Feb. 25 (Bloomberg) -- GLP J-REIT, which has risen more than 20 percent since its initial public offering in December in Tokyo, expects demand for warehouses in Japan to remain strong with a shortage of modern distribution centers.
About 1.3 million square meters (14 million square feet) will be added this year, the highest since 2008, when there was more than 1.5 million square meters of supply, according to data compiled by GLP. The REIT said it’s in a “favorable position” amid rising competition because it can buy properties from its sponsor Global Logistic Properties Ltd., the biggest owner of Japan industrial real estate.
“The market is very healthy,” Masato Miki, chief executive officer at GLP Japan Advisors Inc., the REIT manager, said in a Feb. 21 interview in Tokyo. “There is no need to be concerned about oversupply. Having the biggest developer as sponsor, and as the largest industrial REIT, we can strengthen our position by exchanging information and managing relationship with our clients.”
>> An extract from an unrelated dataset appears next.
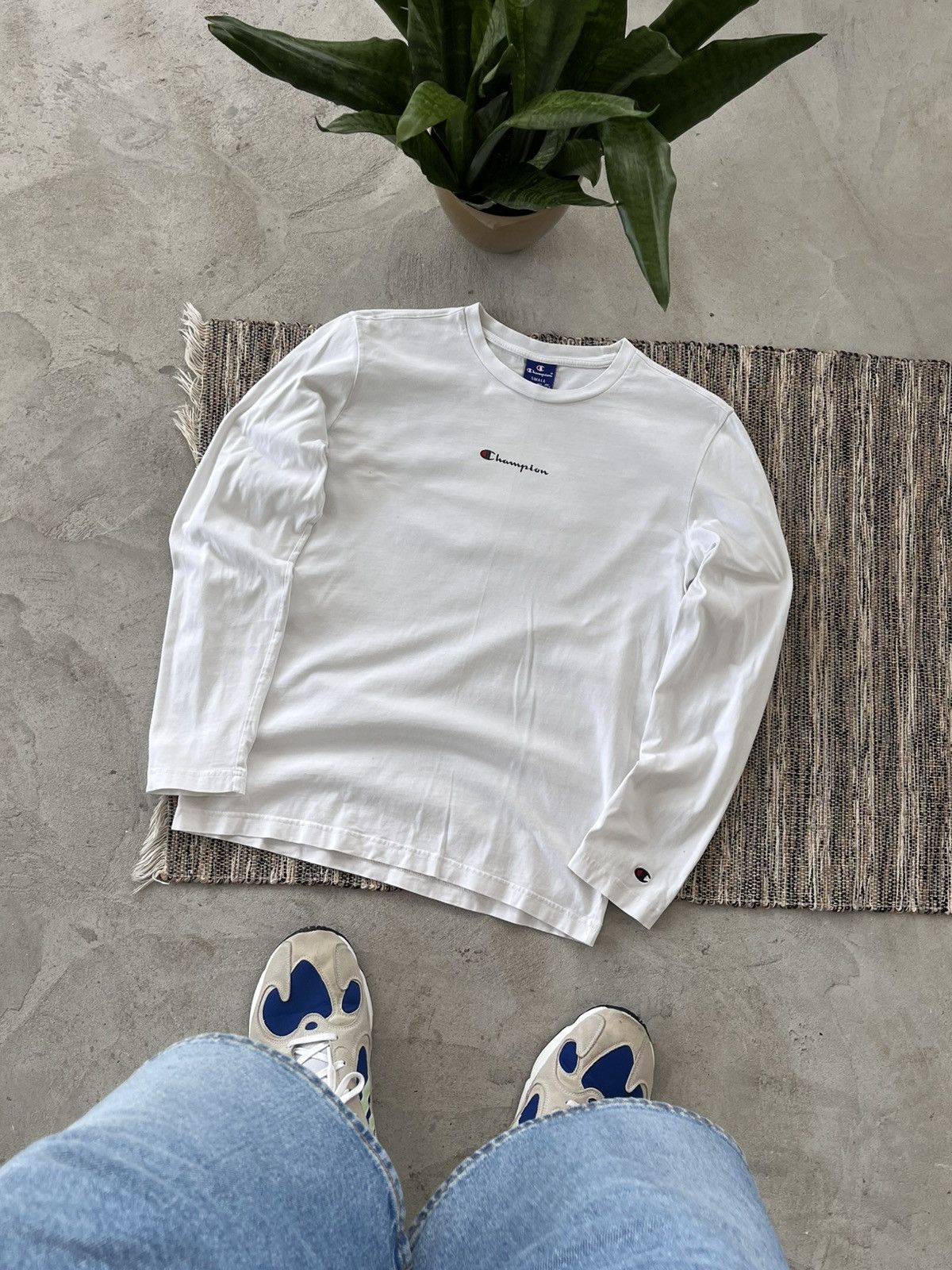 Champion × Vintage Vintage Champion Longsleeve Tshirt White Logo Blank tee Y2K Size US S / EU 44-46 / 1 - 2 Thumbnail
The growth of the logistic market, helped by a boost in e-commerce transactions, has attracted Japan’s largest developers including Mitsui Fudosan Co. and Mitsubishi Estate Co. to enter the warehouse industry. Investments in industrial space returned 6 percent on average for the year ended October, more than double the returns investing in office buildings, according to London-based Investment Property Databank Ltd.
Modern distribution facilities, which has bigger floor space that allows trucks to reach every floor via ramps, reducing time needed to load and unload goods, only accounts for 2 percent of the total warehouse space in Japan, according to data compiled by LaSalle Investment Management Ltd.
GLP J-REIT has the first right to buy 35 properties, or an equivalent of 350 billion yen ($3.8 billion), before Global Logistic is able to offer to other investors, Miki said. The REIT has a 99.9 percent occupancy rate for the 33 logistic facilities it currently manages, according to the company.
The vacancy rate in warehouses in Tokyo has declined to 3.7 percent in the fourth quarter of 2012 from a peak of 20 percent in September 2009, according to CBRE Group Inc. The asking rents for logistic properties rose to 6,140 yen per tsubo in the second half of last year, the highest since at least 2005, CBRE said. One tsubo, a standard measure of property in Japan, is 3.3 square meters, or 35.5 square feet.
Total revenue of online sales exceeded those at department stores for the first time in 2010, and rose to 8.46 trillion yen in 2011, according to the latest data by Japan’s Ministry of Economy, Trade and Industry.
GLP J-REIT rose 1.1 percent to 80,900 yen, the highest since Feb. 1 at the close of trading in Tokyo. The REIT has advanced 27 percent since its IPO on Dec. 21, compared with a 16 percent gain by the Tokyo Stock Exchange REIT index, which tracks 37 trusts in Japan, in the same period.
GLP J-REIT is the first Japanese real estate investment trust to divert some of the deprecation to its dividend.